**What this task involves**.
Quote all entries exactly, leaving pictures aside.

Brief descriptive captions
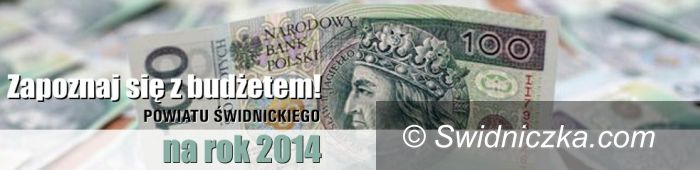 powiat świdnicki: Projekt budżetu powiatu świdnickiego na 2014 rok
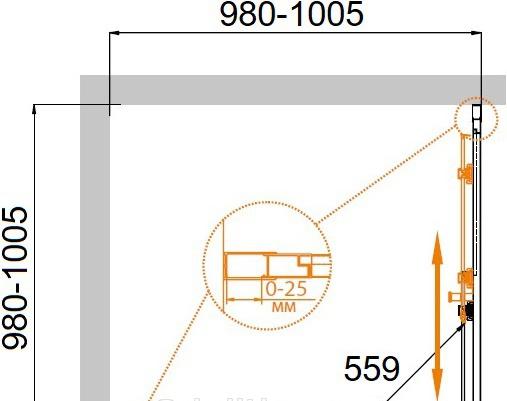 Душевой уголок - Cezares, Molveno, 100x100x190 см, MOLVENO-A-2-100-C-Cr-IV
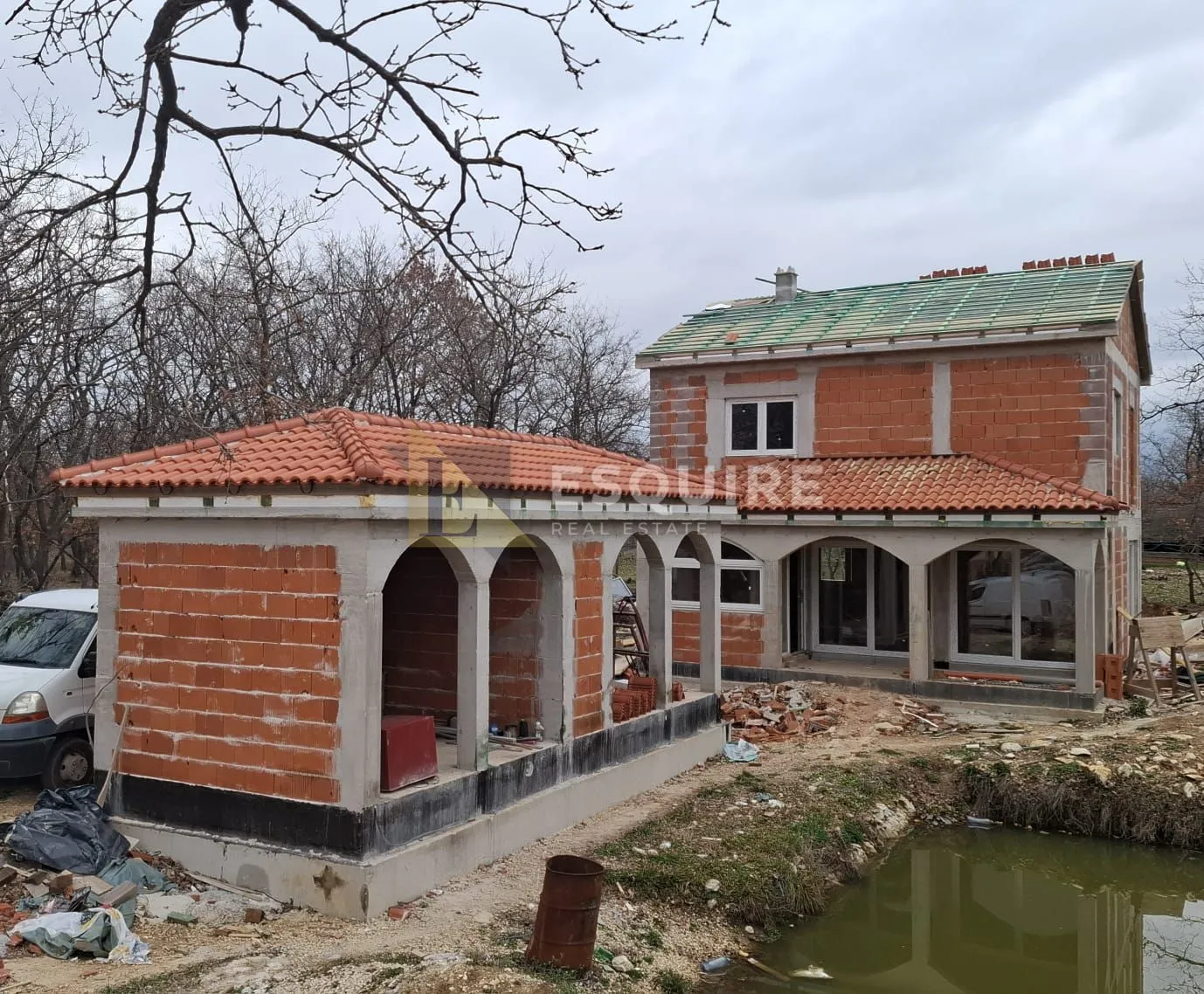 poličnik - katnica sa bazenom i konobom u izgradnji - 158m2 - slika 15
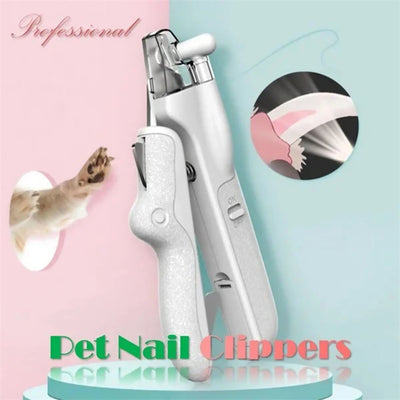 Pet Nail Clippers With LED Light — Professional Trimmer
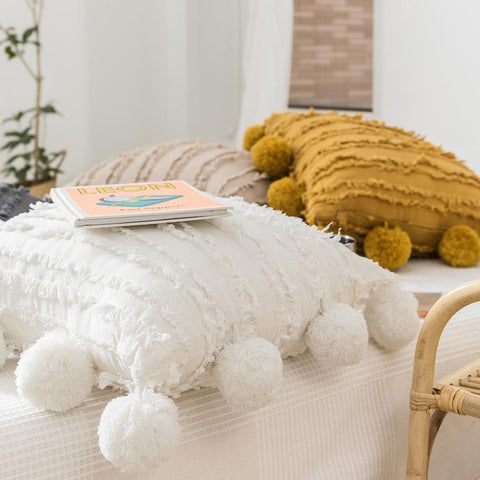 Small Plush Around The Ball Craft Sofa Cushion Cover-HA00521-Veeddydropshipping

**Exercise response**.
 powiat świdnicki: Projekt budżetu powiatu świdnickiego na 2014 rok
 Душевой уголок - Cezares, Molveno, 100x100x190 см, MOLVENO-A-2-100-C-Cr-IV
 poličnik - katnica sa bazenom i konobom u izgradnji - 158m2 - slika 15
 Pet Nail Clippers With LED Light — Professional Trimmer
 Small Plush Around The Ball Craft Sofa Cushion Cover-HA00521-Veeddydropshipping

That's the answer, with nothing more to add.